Volume 18 • Issue 12 | August 12 - 18, 2005

Editorial

The great will get even better on Tribeca’s piers

Step onto one of Tribeca’s two piers and the neighborhood feels like a small town – barbecued food, picnic tables, bare bones mini golf, free kayaking, beach volleyball, boats. Are we still in New York?

Yes we are, but Piers 25 and 26 did not become the neighborhood’s great community spaces because of the activities. It is the people who have followed their passions — whether for children, marine life or boating — that have built great programs and made it a home away from home for the passing cyclist at rest or the land-locked Tribecan seeking a river view. This fall the Hudson River Park Trust plans to close the piers for three years in order to build the park’s Tribeca section.

It’s a plan that many of us in the community have pushed and prodded state and city officials to implement for years and we are delighted the Lower Manhattan Development Corporation authorized the $70 million to build the Tribeca section. We understand completely the disappointment that the piers will be closed for so long and the fear that the community feel of the piers will be lost once the park reopens. The atmosphere of the piers may never be replicated but that doesn’t mean they won’t be even greater community spaces. We think they will.

Many, if not all of the groups running programs on the piers are likely to return once it reopens. Connie Fishman, president of the Trust, told us a few months ago that things like free pier graduation parties for the local schools will continue.

The piers will eventually collapse if they are not rebuilt, and once rebuilt, they will be close to their original sizes, offering river views from 1,000 feet away on Pier 25. There will be a new playground, a better mini-golf course, a new boathouse, new marine study center, more plantings.

There is always a risk that “better” in reality will translate into something more sterile and less homemade, but we are comforted the Trust chose landscape architect Signe Nielsen to do the final design for the section. She has lived and worked in the neighborhood for many years and did a terrific job redesigning Tribeca’s Duane Park. She is attuned to what people in the community want.

The Trust has adjusted the plan many times over the years responding to neighborhood concerns fleshed out in countless community board meetings, which included the groups currently on the pier.

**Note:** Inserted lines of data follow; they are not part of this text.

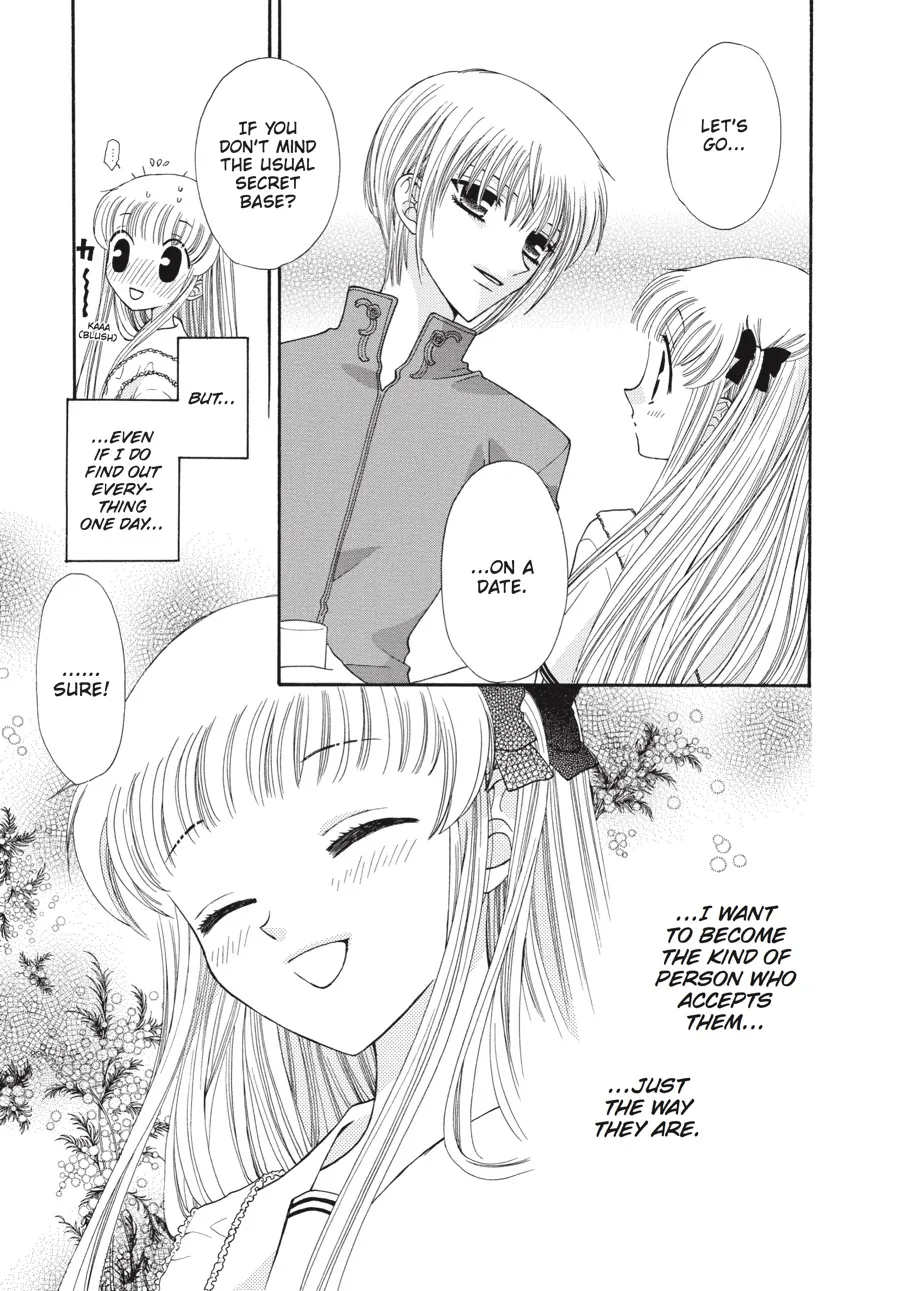 Read Fruits Basket (en) Manga Online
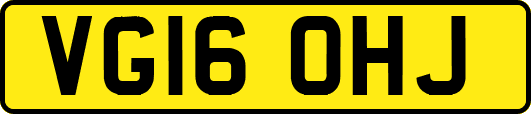 VG16OHJ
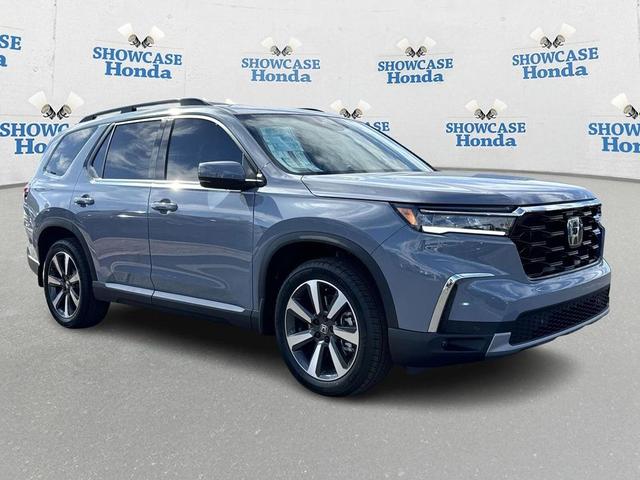 Photo of 2025 GA Sonic Gray Honda Pilot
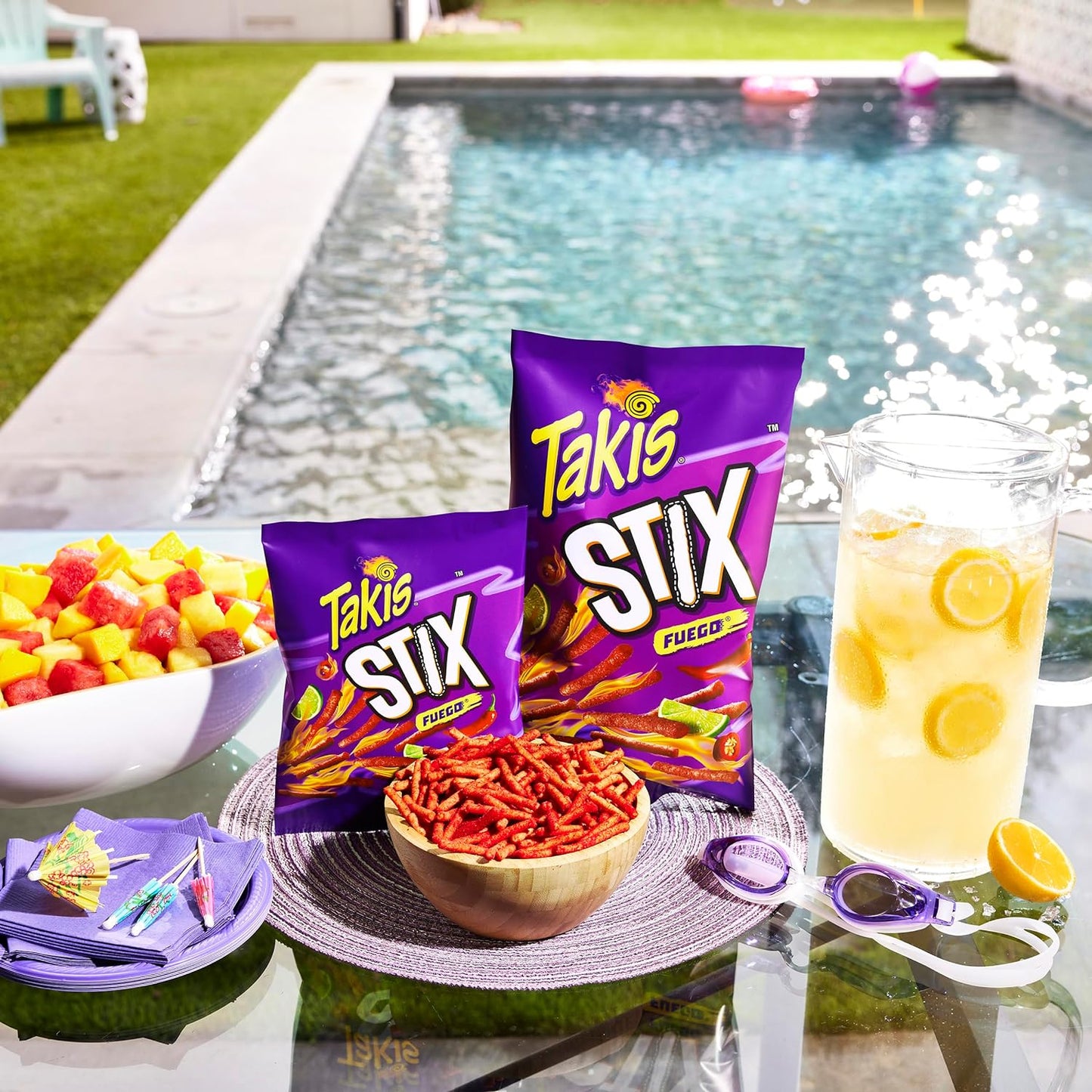 TAKIS - USA - (All Flavors & Sizes)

The state-city authority must do as much as possible to find interim space for uses like the Manhattan Youth programs, the River Project, the historic Yankee Ferry and the Downtown Boathouse. These activities are a large reason that there was enough political pressure to finally get the park project moving. Pier 40, just to the north, is a natural locale for some of these uses. To the extent that it’s feasible, the Trust should also see about opening parts of the Tribeca section at times during the three-year construction period.

The last season of “down-home” Piers 25 and 26 can now be measured in weeks. It is a reason to be sad, yes, but there is also more reason to be optimistic about the future. And there is a lot more fun waiting on the piers this summer. Enjoy it.